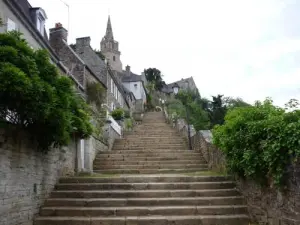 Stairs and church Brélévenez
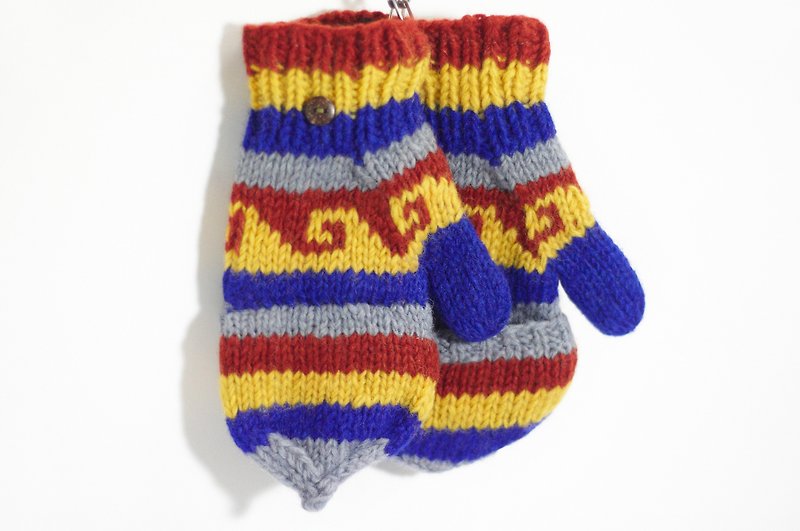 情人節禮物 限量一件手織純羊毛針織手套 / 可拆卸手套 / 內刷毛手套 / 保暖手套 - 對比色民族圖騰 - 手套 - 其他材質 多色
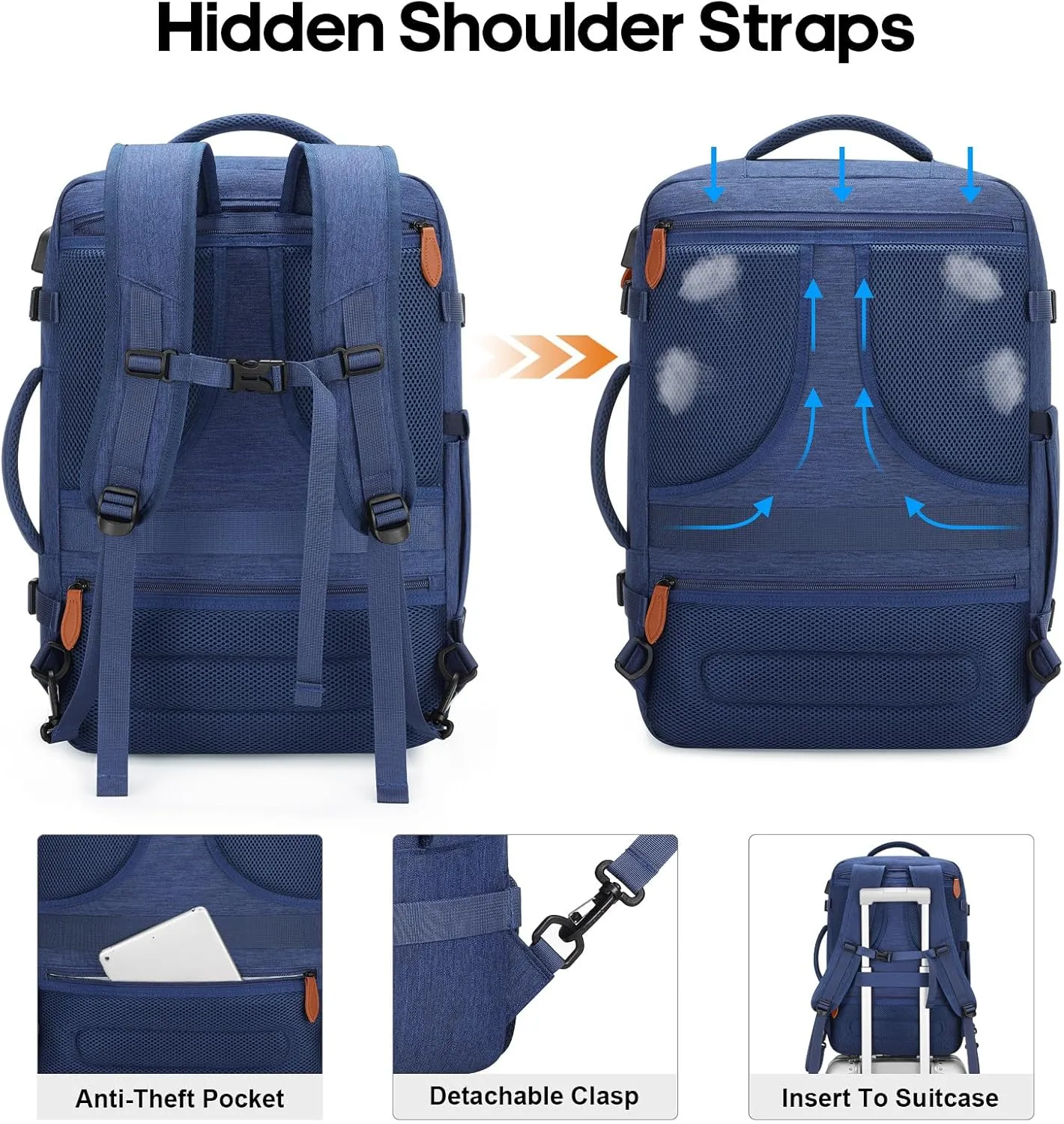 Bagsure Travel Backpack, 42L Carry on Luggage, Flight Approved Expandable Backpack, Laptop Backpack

==

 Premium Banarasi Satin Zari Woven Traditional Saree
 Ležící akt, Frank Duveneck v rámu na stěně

--

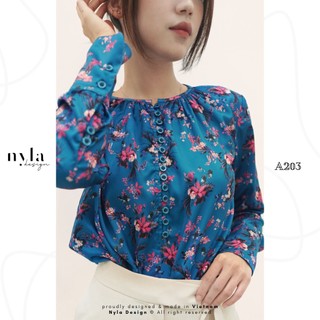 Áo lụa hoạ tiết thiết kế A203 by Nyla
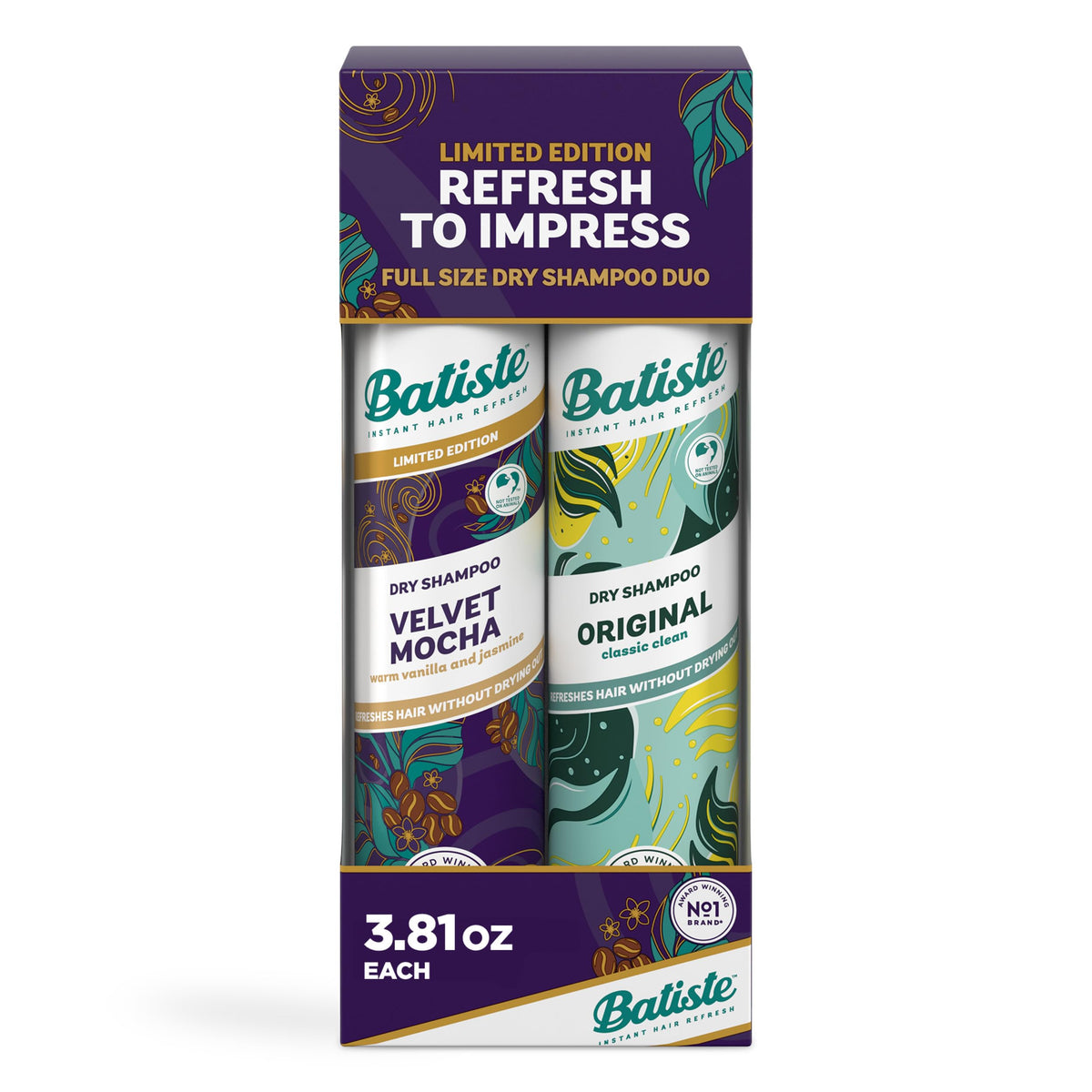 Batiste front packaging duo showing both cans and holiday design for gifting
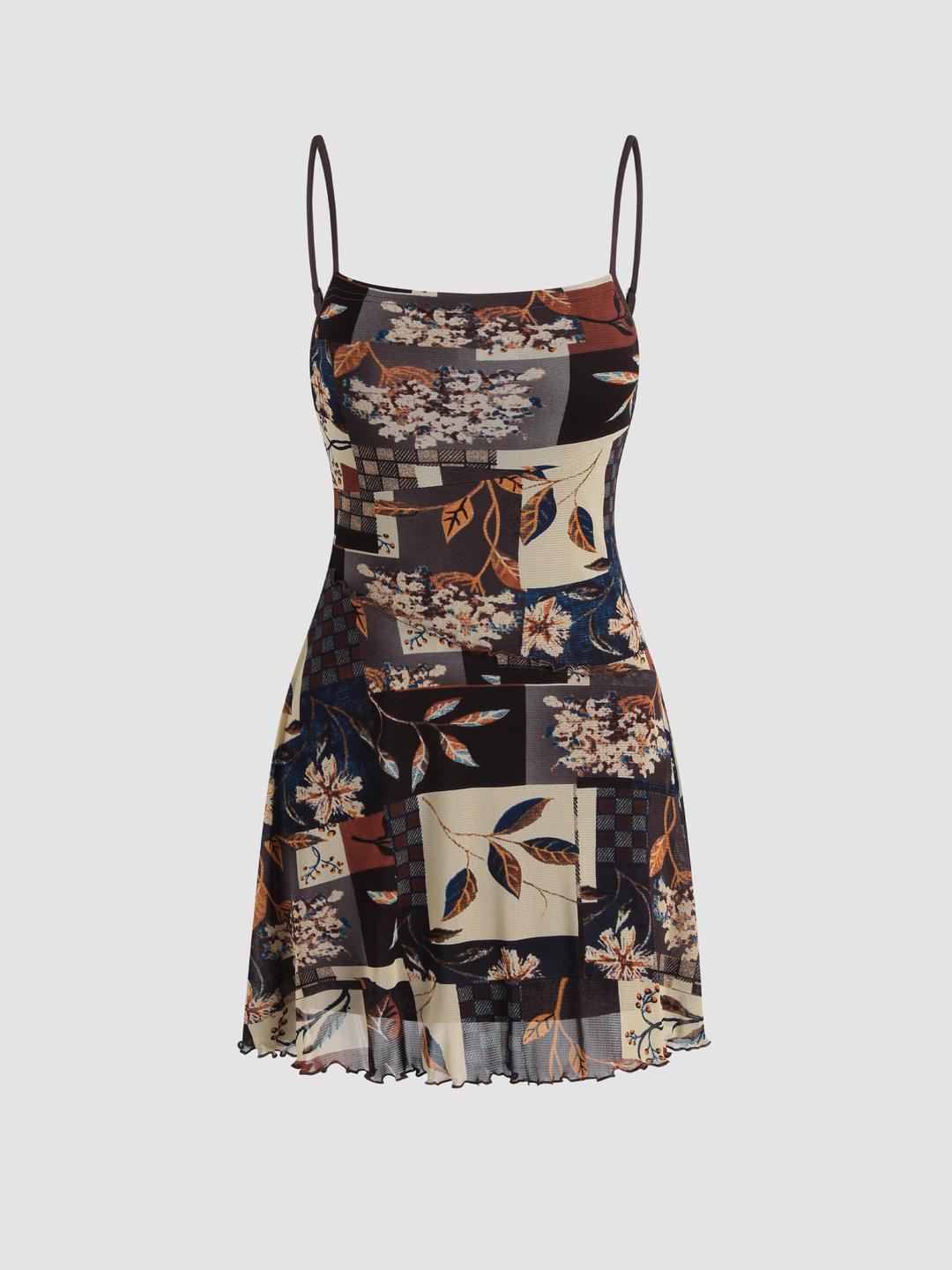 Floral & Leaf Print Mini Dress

• _WHAT TO PRODUCE_: Would you restate, exactly and with no pictures, the lines of the entries above from the one containing "Stairs and church Brélévenez" through the one containing "Bagsure Travel Backpack, 42L"?

• _TASK SOLUTION_:
 Stairs and church Brélévenez
 情人節禮物 限量一件手織純羊毛針織手套 / 可拆卸手套 / 內刷毛手套 / 保暖手套 - 對比色民族圖騰 - 手套 - 其他材質 多色
 Bagsure Travel Backpack, 42L Carry on Luggage, Flight Approved Expandable Backpack, Laptop Backpack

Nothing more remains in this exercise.